Monday, January 10, 2005

Hi dear old blog

i went to church today. so i realized that glory sanctuary is a Pentacostal church of which its true meaning, i am not too certain. anyway, it does explain why the people are so jumpy and loud over there.

i do believe in the Lord. and that everything is governed and destined. but i dont really know where im heading to. im in a state of searching... i want to know more. i want to experience different things. afterall, i've got lots of time to see where my faith lies in.
a few wks back, i went with jakey to some st xavier francis. i like the catholic youth group. they're lively and focused. not too over-zealous...

- Light has come into the world, but men loved darkness instead of light because their deeds were evil.
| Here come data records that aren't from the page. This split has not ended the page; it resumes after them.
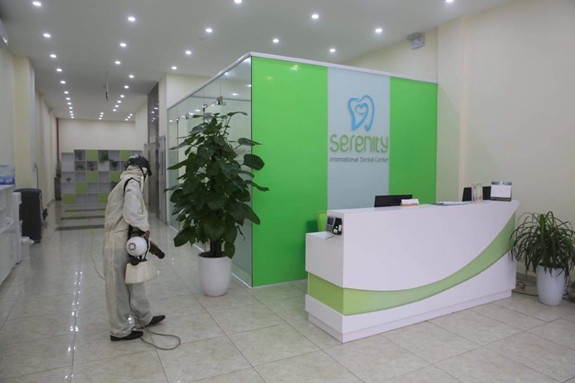 Trước những diễn biến phức tạp của dịch bệnh, sự bình tĩnh và tự giác phòng chống dịch bệnh của mỗi cá nhân cần được nêu cao hơn bao giờ hết, đó là rửa tay thường xuyên, đeo khẩu trang đúng cách và hạn chế tập trung nơi đông người, không nên lo lắng thái quá hoặc tích trữ hàng hóa, lương thực, nhu yếu phẩm, góp phần gây ra hiệu ứng thiếu tích cực trong cộng đồng.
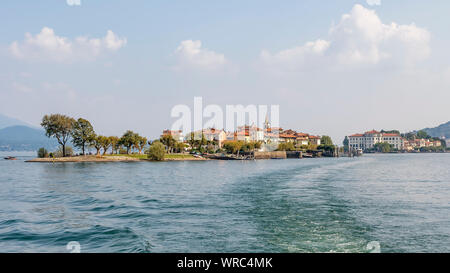 Splendida vista panoramica delle Isole Borromee (Isola Bella e Isola Superiore) davanti a Baveno, sul Lago Maggiore, Italia Foto Stock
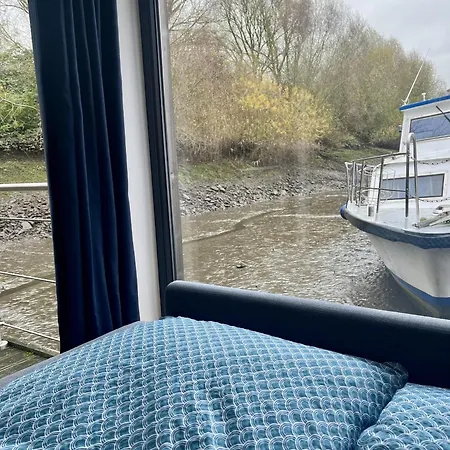 別荘 Hausboot Stoeckte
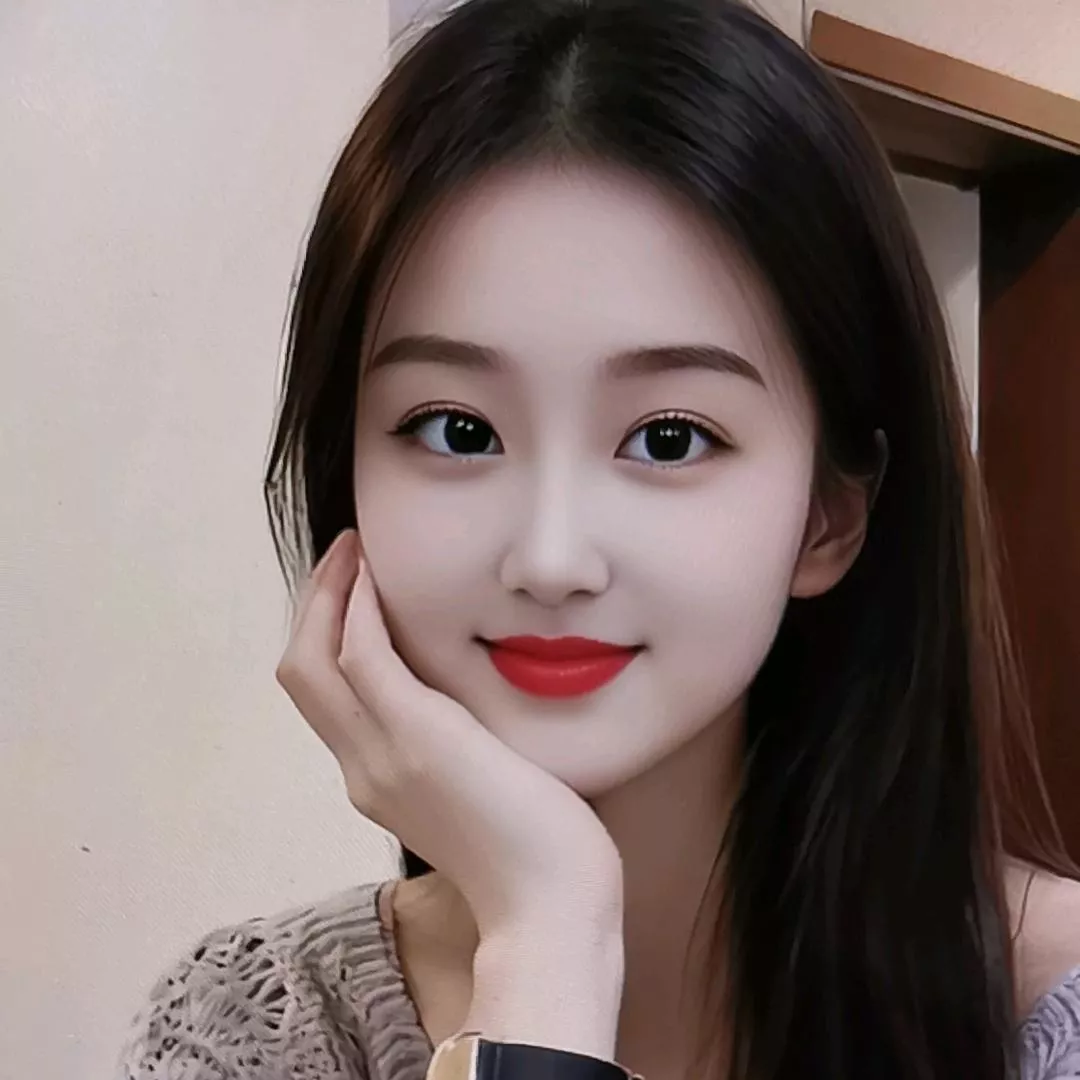 甜美红唇少女，温柔气质满分💕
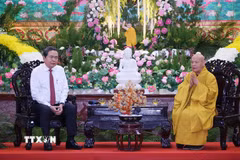 Chủ tịch Quốc hội Trần Thanh Mẫn thăm, chúc mừng Hòa thượng Thích Thiện Nhơn, Phó Pháp chủ Hội đồng chứng minh, Chủ tịch Hội đồng trị sự Trung ương Giáo hội Phật giáo Việt Nam. (Ảnh: Văn Điệp/TTXVN)
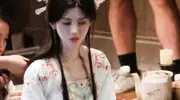 鞠婧祎嫩粉色古装惊艳亮相，网友直呼“仙女下凡”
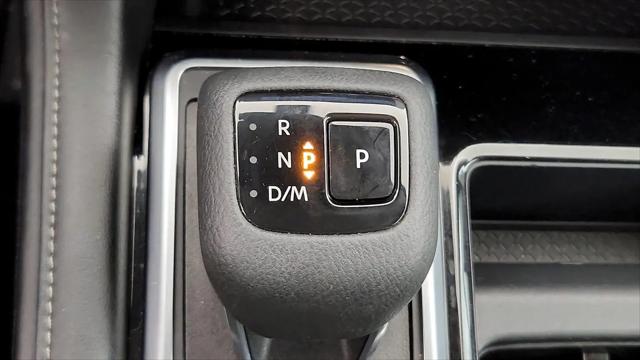 2023 Nissan Pathfinder SL FWD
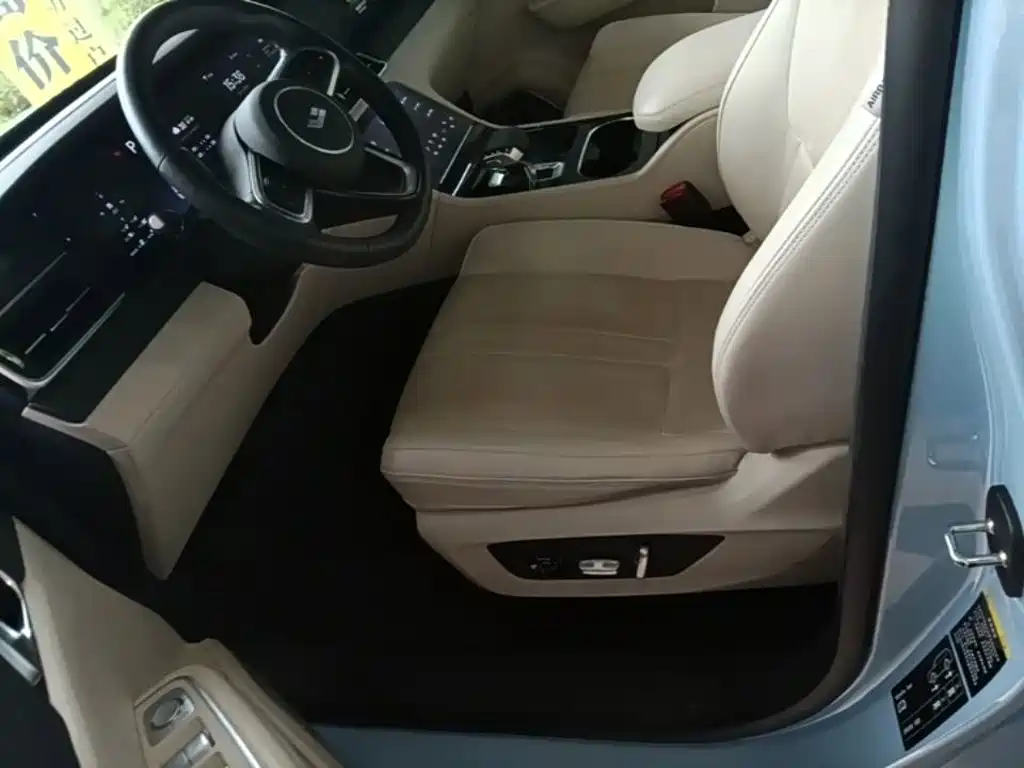 Li Auto Li ONE — миниатюра 15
Everyone who does evil hate the light, and will not come into the light for fear that his deeds will be exposed.

posted by iambrianfu [ 1:50 AM ] |

Saturday, January 08, 2005

Its Dean's birthday today
YAY!

posted by iambrianfu [ 2:38 AM ] |

Tuesday, January 04, 2005

Hi. I met an impressive young man today. His 29, his company is 5 years old and last year's turnover for his company was a million. well, his job is to manage your carreer and make a carreer out of your idea of a carreer. smart guy. He does jobsfactory.com, the walking man, brightsparks. Enterprising, but a really too money minded though. I like people like him. His got his ideas, and he puts them into practice.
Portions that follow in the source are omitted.